From Ben Bernanke:
China faces the classic policy trilemma of international economics, that a country cannot simultaneously have more than two of the following three: (1) a fixed exchange rate; (2) independent monetary policy; and (3) free international capital flows. Accordingly, China’s ability to manage its exchange rate may depend, among other factors, on its willingness and ability to adjust on other policy margins.
…..An economy that is growing more slowly, and in which monetary easing is the principal macroeconomic response, is not an economy that offers high returns to domestic savers. Consequently, Chinese households and firms who are able to do so are spurning yuan-denominated investments and looking abroad for higher returns. However, increased private capital outflows also constitute a flight from the yuan toward the dollar and other currencies; that, in turn, puts downward pressure on China’s exchange rate.

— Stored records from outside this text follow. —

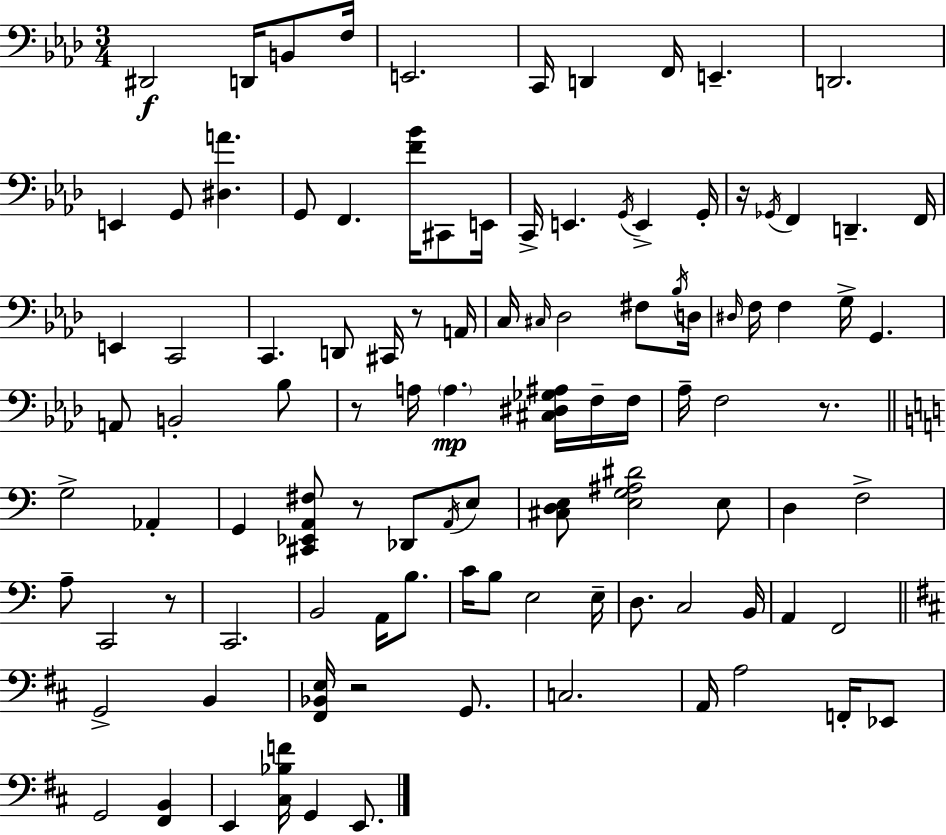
X:1
T:Untitled
M:3/4
L:1/4
K:Fm
^D,,2 D,,/4 B,,/2 F,/4 E,,2 C,,/4 D,, F,,/4 E,, D,,2 E,, G,,/2 [^D,A] G,,/2 F,, [F_B]/4 ^C,,/2 E,,/4 C,,/4 E,, G,,/4 E,, G,,/4 z/4 _G,,/4 F,, D,, F,,/4 E,, C,,2 C,, D,,/2 ^C,,/4 z/2 A,,/4 C,/4 ^C,/4 _D,2 ^F,/2 _B,/4 D,/4 ^D,/4 F,/4 F, G,/4 G,, A,,/2 B,,2 _B,/2 z/2 A,/4 A, [^C,^D,_G,^A,]/4 F,/4 F,/4 _A,/4 F,2 z/2 G,2 _A,, G,, [^C,,_E,,A,,^F,]/2 z/2 _D,,/2 A,,/4 E,/2 [^C,D,E,]/2 [E,G,^A,^D]2 E,/2 D, F,2 A,/2 C,,2 z/2 C,,2 B,,2 A,,/4 B,/2 C/4 B,/2 E,2 E,/4 D,/2 C,2 B,,/4 A,, F,,2 G,,2 B,, [^F,,_B,,E,]/4 z2 G,,/2 C,2 A,,/4 A,2 F,,/4 _E,,/2 G,,2 [^F,,B,,] E,, [^C,_B,F]/4 G,, E,,/2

In the short run, the PBOC can offset this pressure by selling some of its enormous stocks of dollar-denominated securities and buying yuan; indeed, Chinese reserves have fallen over $700 billion over the past year and a half. With more than $3 trillion in reserves yet remaining, China should be able to defend its exchange rate for some time. If nothing else changes, however, eventually China will run low on reserves and will no longer be willing or able to buy up yuan in the foreign-exchange market. At that point the currency would fall, probably sharply….
The former Fed Chairman’s analysis of possible solutions provides insight into the extent of the problem:
- Sharp devaluation would cause global deflation and spark currency wars;
- Controls on capital outflows are unlikely to be effective and would discourage investment; and
- Fiscal policies aimed at re-balancing the economy and increased welfare payments would need massive scale to have an impact.
It is clear there is a giant panda (rather than an elephant) loose in the lifeboat which is likely to destabilize the global economy over the next decade.